Extracted data ▸
--------------------------------------------------

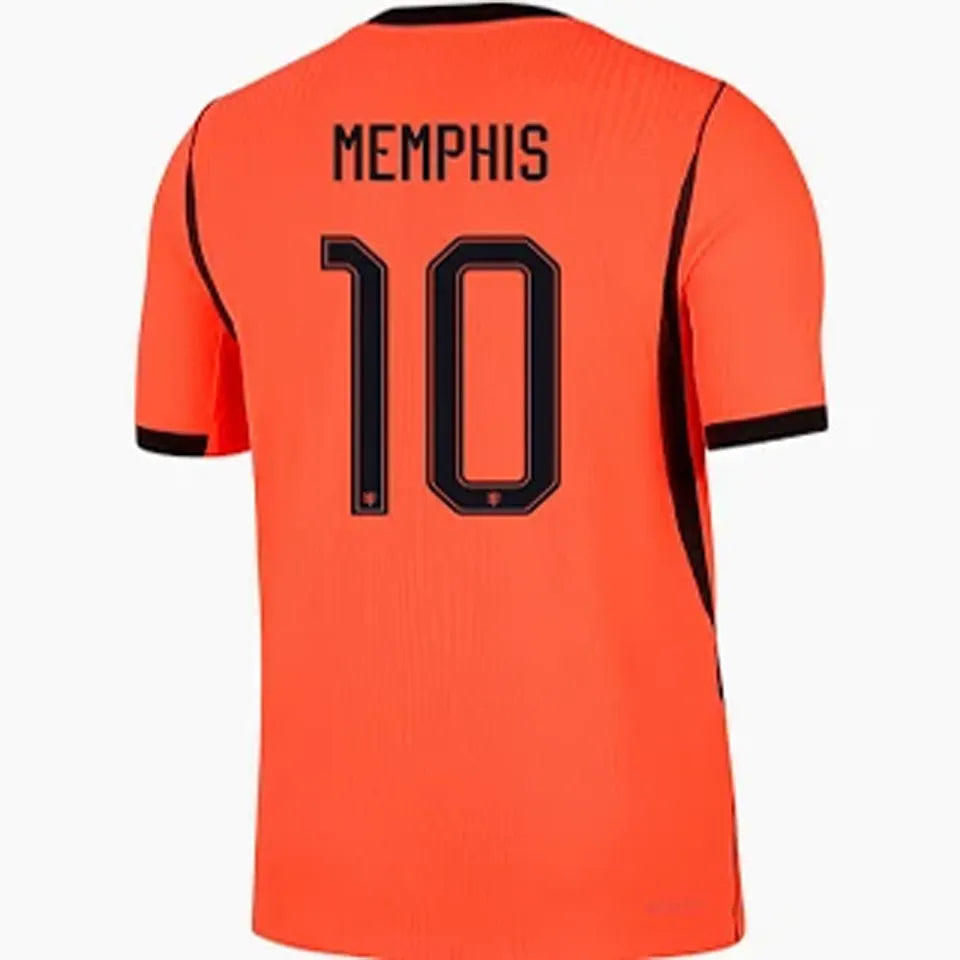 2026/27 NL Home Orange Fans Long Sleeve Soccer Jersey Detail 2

--------------------------------------------------

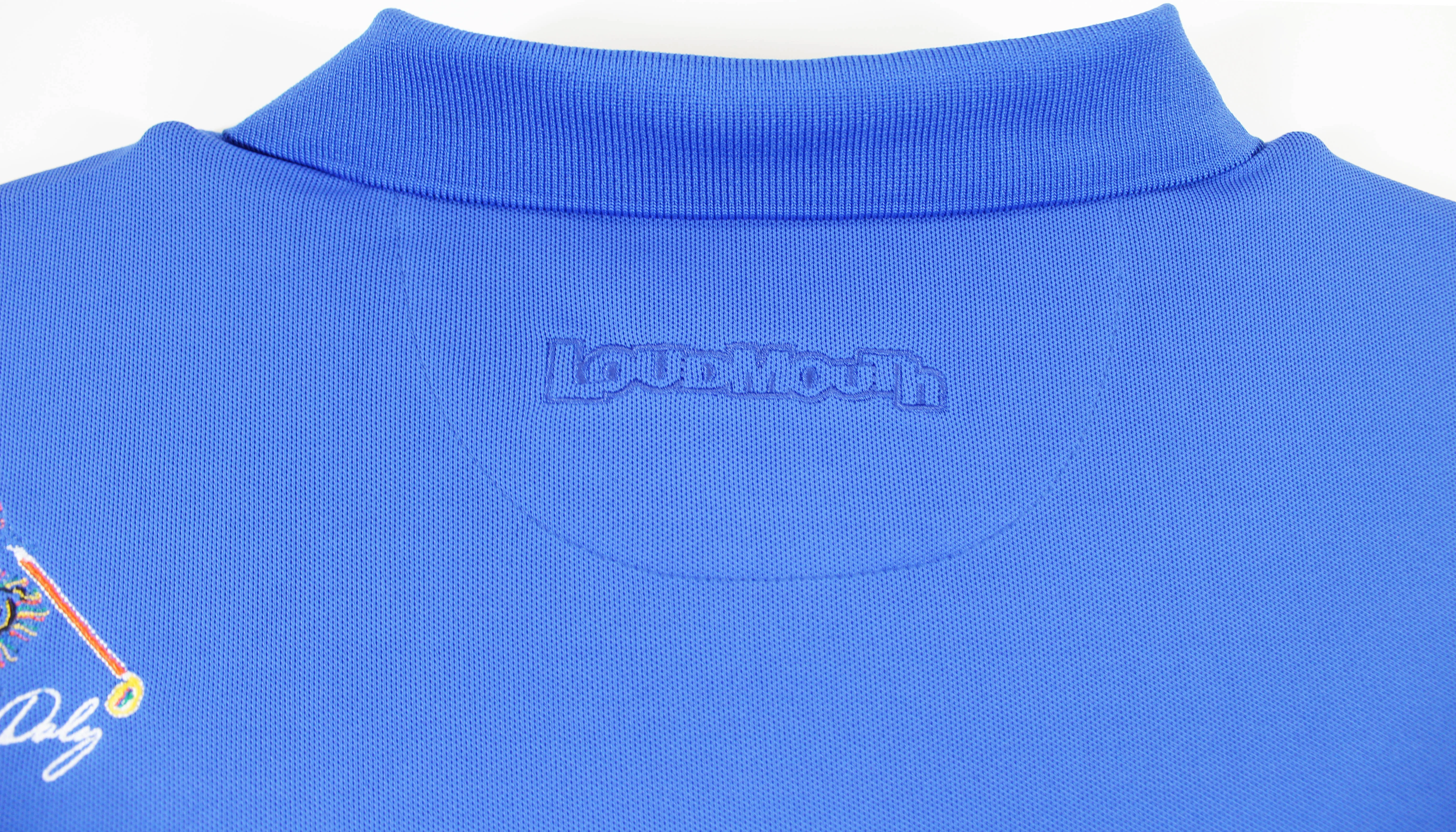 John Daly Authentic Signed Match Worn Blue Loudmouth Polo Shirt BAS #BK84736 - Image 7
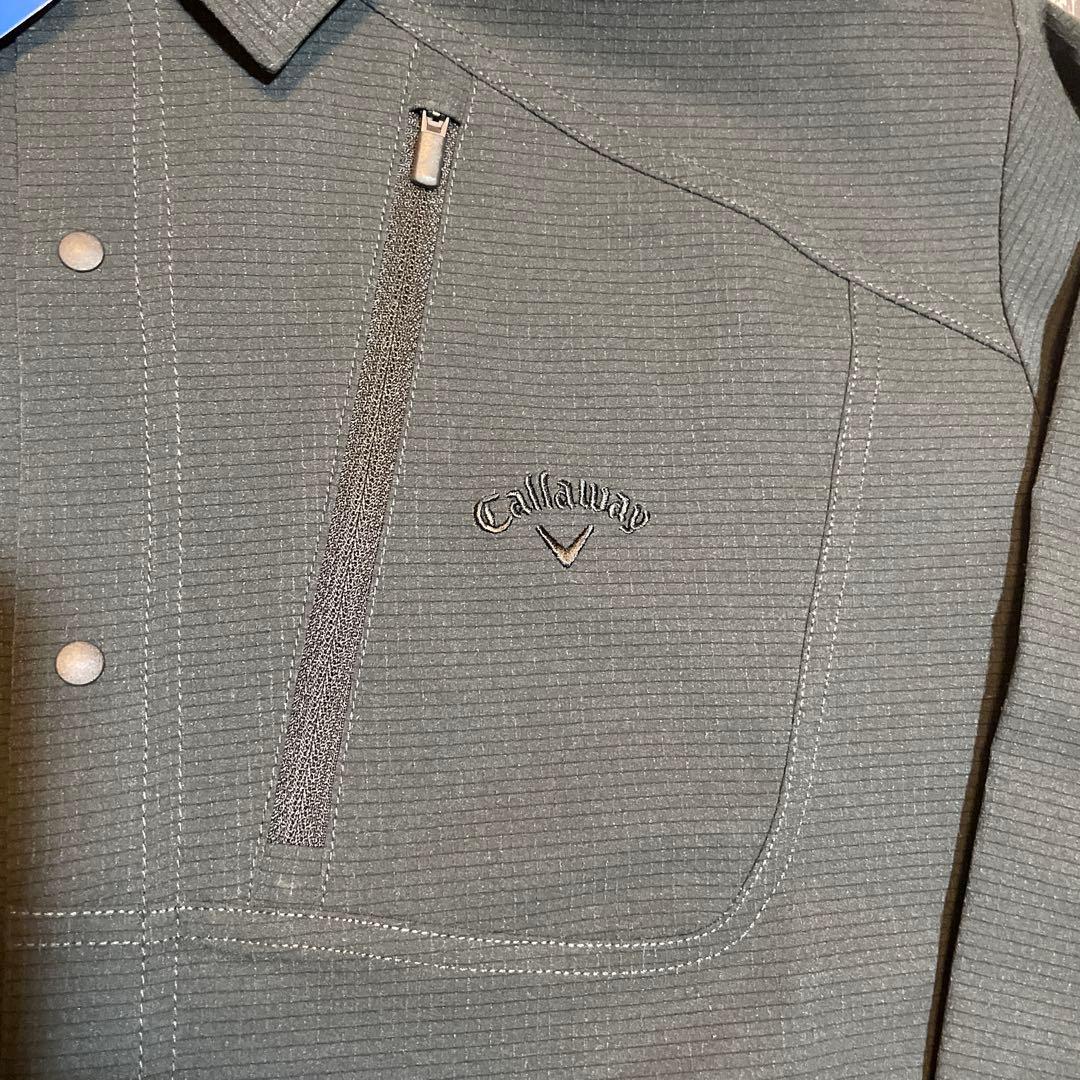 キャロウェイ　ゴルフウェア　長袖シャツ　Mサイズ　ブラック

--------------------------------------------------

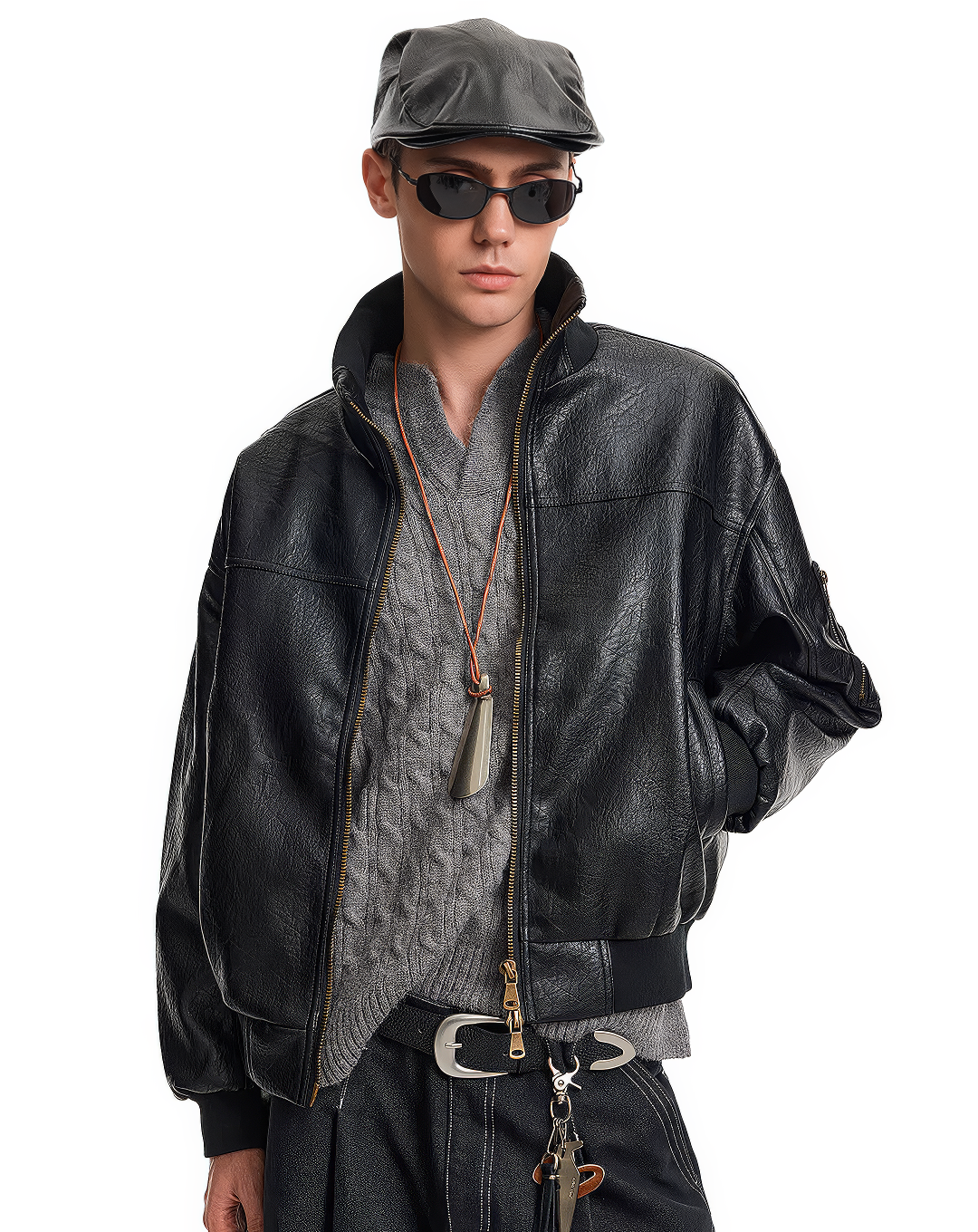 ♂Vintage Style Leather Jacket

--------------------------------------------------

Your task ▸
Give back exactly the lines above from the one with "John Daly Authentic" through the one with "キャロウェイ　ゴルフウェア　長袖シャツ　Mサイズ　ブラック", both included. Pictures don't belong in the copy.

Response area ▸
 John Daly Authentic Signed Match Worn Blue Loudmouth Polo Shirt BAS #BK84736 - Image 7
 キャロウェイ　ゴルフウェア　長袖シャツ　Mサイズ　ブラック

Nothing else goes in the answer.